To Hanania, I’d say: congratulations on realizing the right is for dummies and billionaires in politics are bad; maybe it’s time to follow your own arguments to their logical conclusions?6 And to the new-era-of-freedom-and-cultural-vitality people, I’d remind you you’re “elite human capital,” too, and the war on the professional-managerial class you’re fellow-traveling with, whatever your “sophisticated” reasons for doing so, is a war against you and everything you care about.
This was basically the argument Julian Sanchez made that started the 2010 “epistemic closure” debate among young right-leaning journalists and bloggers. That debate presented the right’s closure to empirical information as a new phenomenon, but in retrospect it was probably a cyclical generational reckoning with the historical centrality of anti-intellectualism to American conservatism, the political parallel to the cyclical generational reckonings with the anti-intellectualism of American evangelicalism.
Hanania has repudiated these views, though many leftists accuse him of simply trading them for a milder language of IQ and biological differences. I also read claims related to the latter with a high degree of skepticism, but don’t think they’re necessarily the main thing a leftist should object to in Hanania’s worldview.
It should be no surprise to find a neoliberal like Hanania defending federal bureaucracy on the grounds that you need state capacity to carry out socially regressive policies. Neoliberalism is often misunderstood as being about “slashing the state” when it is actually, as Quinn Slobodian has long argued, about using the power of the state to “protect” markets from democracy.
Who, by the way, is still a libertarian in 2025?
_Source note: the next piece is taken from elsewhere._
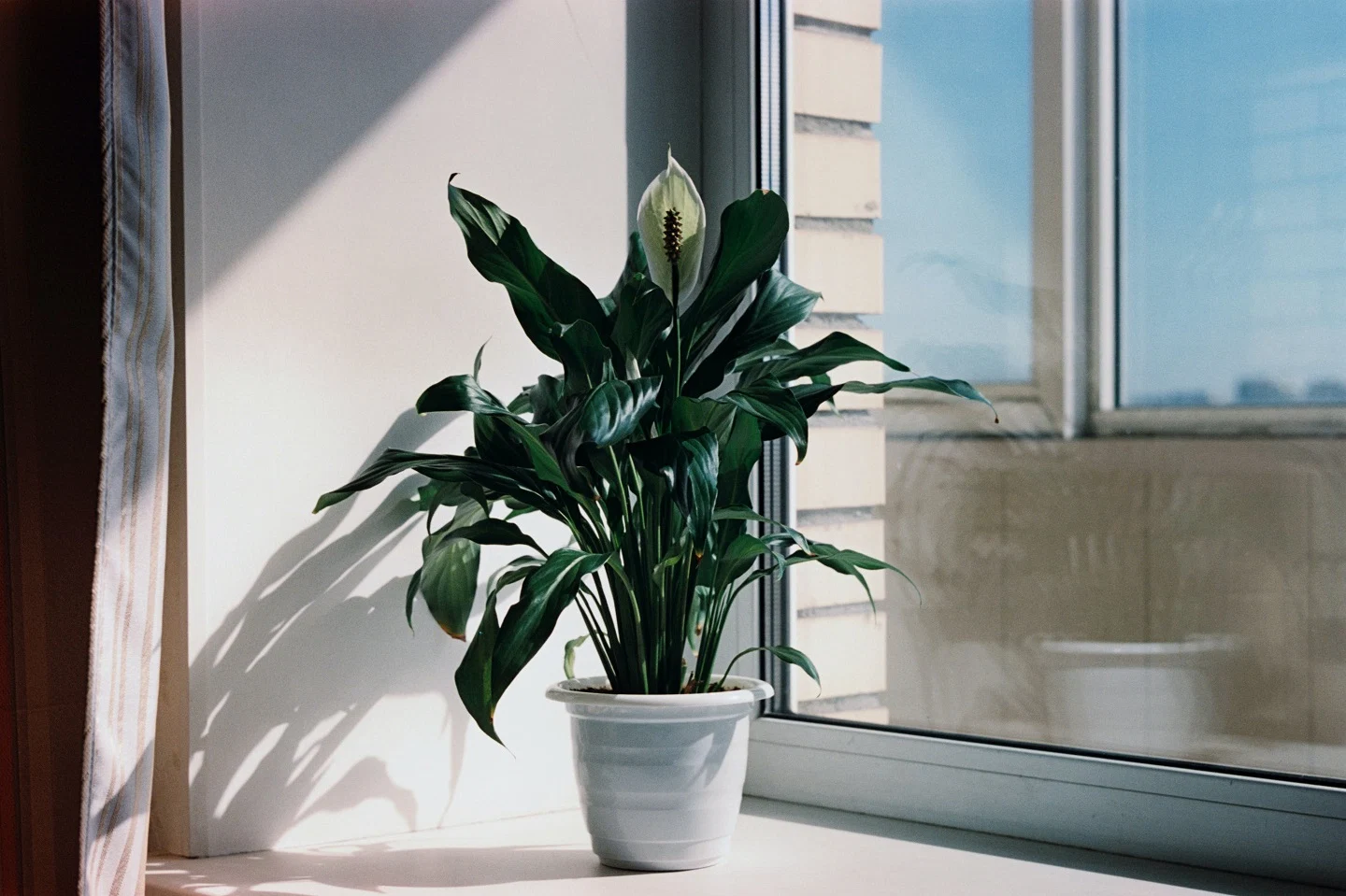 Number 4: Peace Lily (Spathiphyllum Wallisii)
As I’ve written before in more piecemeal form, I think this perspective depends on an extremely short-term historical consciousness that gives far too much weight to the excesses of liberalism in the 2010s, in regards to which we were already seeing a course-correction well before the election. As irritating and counterproductive as some of the things that happened during the “woke” moment were, they are not even in the same universe as the censorship, ideological purification, and utter disregard for norms of debate that have been core to the modern American right for decades, and are even more pronounced in the post-literate, post-truth instantiation of it that Trump and Musk represent. That is not to excuse the counterproductive ideological conflagrations on the left during the 2010s, nor the extent to which liberalism began to imitate MAGA and abandon its traditional skepticism for influencer-driven conspiracies. It is to say that even so, the notion that anyone who cares about thinking, art, ideas, free speech, etc are better off with MAGA should be treated with all the contempt such an absurdity deserves.
Fortunately, this is America, and you have two neoliberal parties with different vibes to choose from!
The great paradox of American politics is that you have one party that panders to a bunch of people who think 5G is giving them cancer and another party that actually passes laws that will make your 5G internet go away.
https://www.theverge.com/2025/1/17/24346159/att-new-york-affordable-broadband-act-5g
"Who, by the way, is still a libertarian in 2025?"
There aren't many ideological libertarians, but there are many people who wouldn't want their taxes increased to pay for student loan forgiveness and other such things, including many of the newly converted high-income Democrats.
Does anyone who thinks we’re seeing “unleashed cultural vitality” because of the “death of woke” or w/e have any examples of like… cultural accomplishments? I suppose they could claim they haven’t had enough time at the wheel, but still.